Policjanci sprawdzili się w roli … strażaków
Służba w policji to nie tylko łapanie przestępców, ale i … gaszenie pożarów. Do tak nietypowej akcji doszło w okolicach Rucianego-Nidy.
Sierżanci Aleksandra Chudzik i Sebastian Wojdyła z komisariatu w Rucianym-Nidzie podczas patrolowania terenu zauważyli kłęby dymu i ogień wydobywający się z domku letniskowego jednego z ośrodków wypoczynkowych.
Policjanci bez wahania ruszyli z pomocą, obawiając się, że w środku mogą być jakieś osoby. Funkcjonariusze przeskoczyli przez ogrodzenie i dotarli do palącego się budynku. Weszli do środka, aby sprawdzić, czy są tam jakieś osoby.
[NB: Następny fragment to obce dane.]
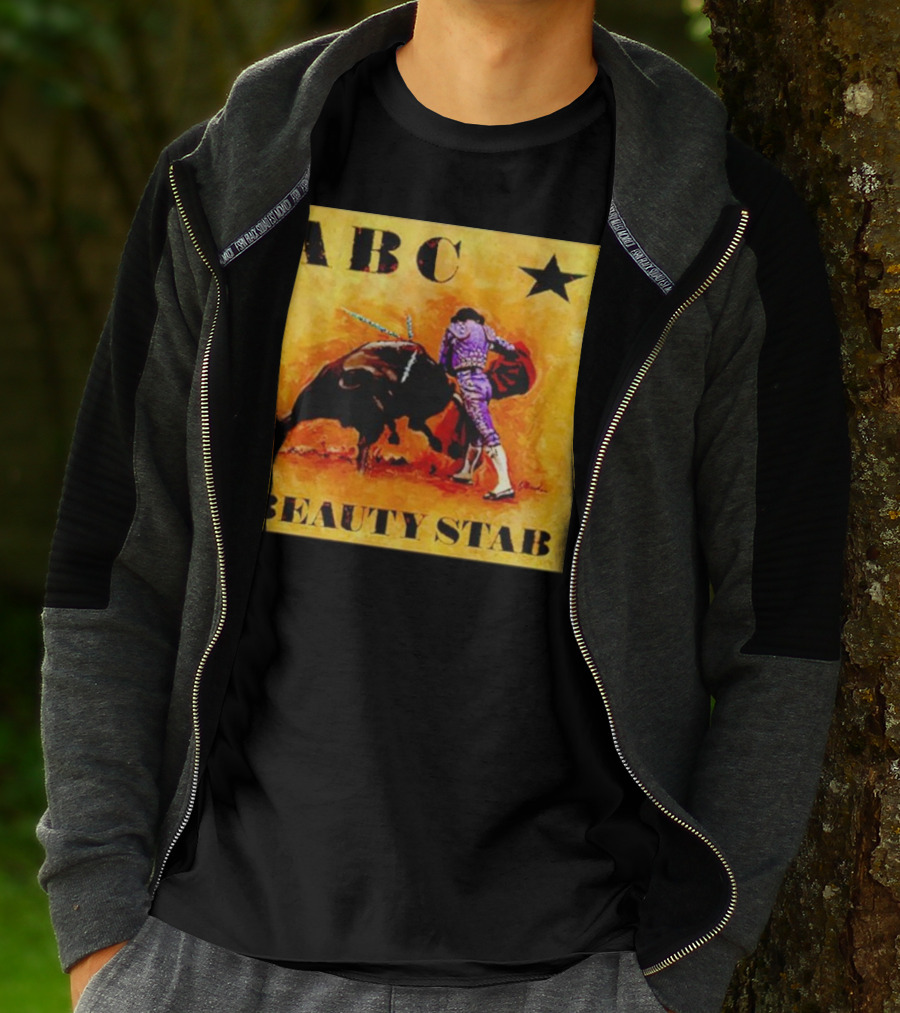 ABC Beauty Stab Matador Encounter With Bull And Star T-Shirt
Na szczęście budynek był pusty.
– relacjonowała nadkomisarz Anna Szypczyńska – oficer prasowy Komendy Powiatowej Policji w Piszu.
Następnie policjanci wspólnie z pracownikami ośrodka stłumili ogień. Przybyli na miejsce strażacy ustalili, że do pożaru doszło w saunie, gdzie bardzo szybko zapaliły się drewniane belki. Przyczyną była najprawdopodobniej nieszczelność przewodu kominowego.
Funkcjonariusze doskonale wiedzieli w jaki sposób zachować się w miejscu pożaru, ponieważ sierżant Sebastian Wojdyła już od ponad dziesięciu lat jest strażakiem ochotnikiem.